[darcs-users] so long and thanks for all the darcs

Stephen J. Turnbull turnbull at sk.tsukuba.ac.jp
Thu Mar 8 08:52:34 UTC 2018


Another long one.  But we're converging!

Ben Franksen writes:
 > Am 05.03.2018 um 04:40 schrieb Stephen J. Turnbull:

 > > Although git and Mercurial (and Bazaar) share a repository model that
 > > is somewhat more complex (DAG of versions), only git's implementation
 > > is faithful with an immutable representation of history.  Mercurial's
 > > and Bazaar's implementations violate faithfulness and immutability, so
 > > their designers chose to restrict the operations available for safety
 > > and simplicity.
 > 
 > Do you have any references supporting this assertion? It is the first
 > time I have seen it made and are somewhat perplexed (and intrigued).

I don't have a reference to the intent of the designers of Mercurial
and Bazaar as such, but they have frequently made the point that they
are safe, criticized git for permitting dangerous operations, and it's
easy to observe that they're restricted relative to git.

 > > I have two questions about current darcs:

Thank you for your careful answers.

 > We have the 'darcs test' command. I believe it is similar to git's
 > bisect, see 'darcs test --help' for details.

Ah, I did know that, but got hung up on "bisect" which doesn't make
sense as a command name when patches don't always have dependencies or
dependents.

 > In darcs tags are also just patches, but if you pull a tag you get the
 > tag itself, too (since this is how it works: a tag artificially depends
 > on all patches present when you create it).

Yeah, this kind of thing is what I mean by saying Darcs's
implementation is faithful to its mental model.

 > I must say I don't really understand what you are saying. What does
 > "people like to reify branches" mean, exactly?

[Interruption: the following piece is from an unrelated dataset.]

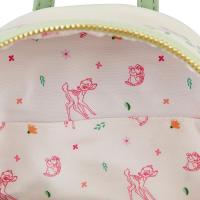 Gallery Image of Bambi Springtime Gingham Mini Backpack Apparel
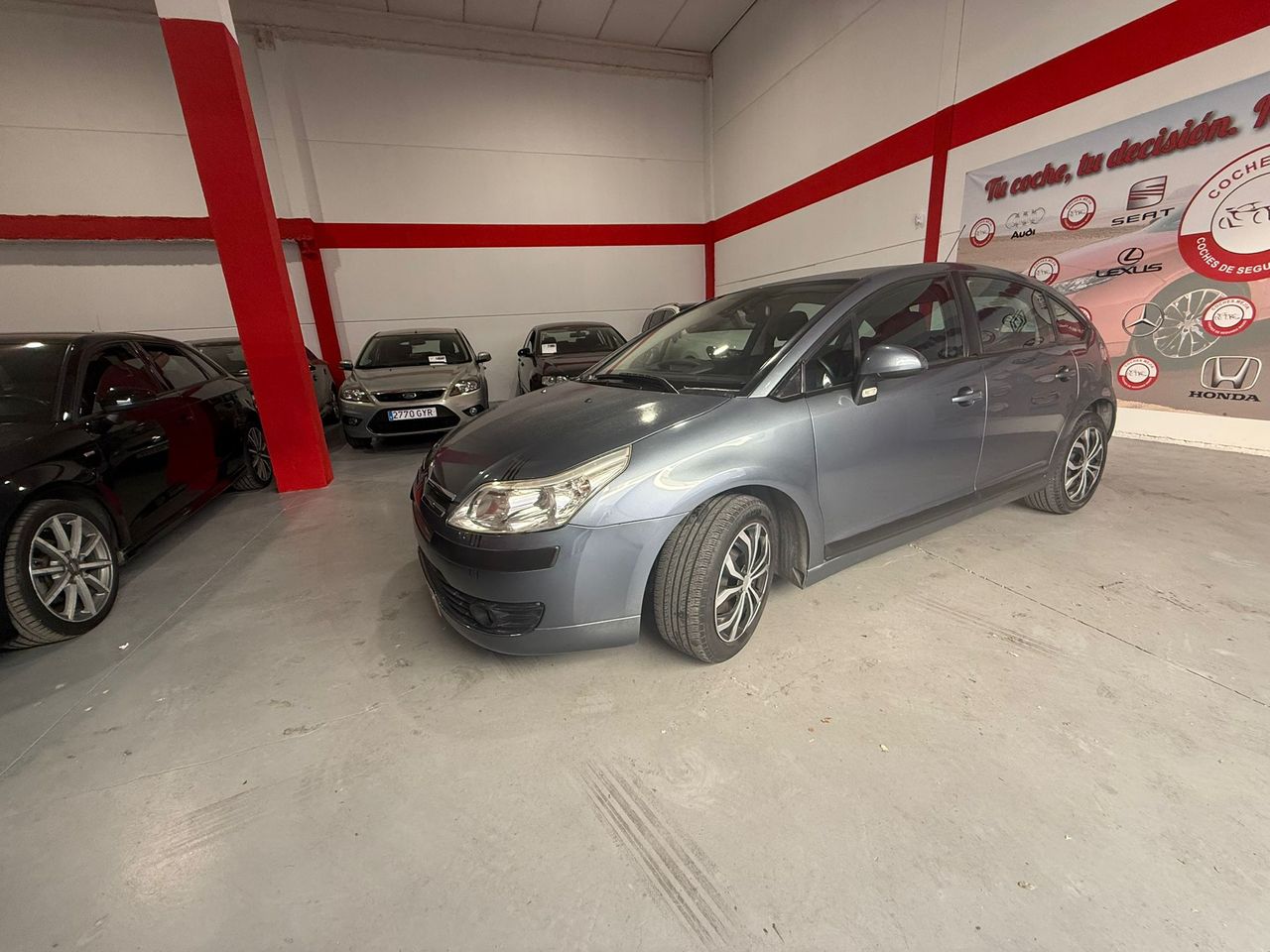 Citroën C4 5p 1.4i 16v 90cv LX - Foto 5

It means that they think of them as separate entities, backed by some
data structure in the implementation.  For branch-per-repo models, the
repo is that data structure.  In addition, Bazaar has a whole internal
API that knows all about manipulating branches, as opposed to the
history they contain.  Mercurial has this odd branch name property on
commits.

By contrast, in git there's the history DAG and its components
(commits, trees, and blobs) and that's it.  The DAG may have multiple
heads, and what people think of as "the branch I'm working on" may not
even be entirely contained in the repository.  There is no data
structure that surely contains everything you need to know about a
branch, except the whole repository plus any external object databases
configured in the repository's metadata.

 > > It's very hard to get Darcs' "set of patches" model wrong.  I think
 > > that's part of the appeal of Darcs.
 > 
 > The "set of patches" model can be misleading.

You're right.  That was very sloppy of me.  What I meant was a partial
order (with patches being related if one is dependent on the other).
But that's not very useful to people who haven't gone down that
mathematical rabbit hole.  Everybody knows what a sequence is.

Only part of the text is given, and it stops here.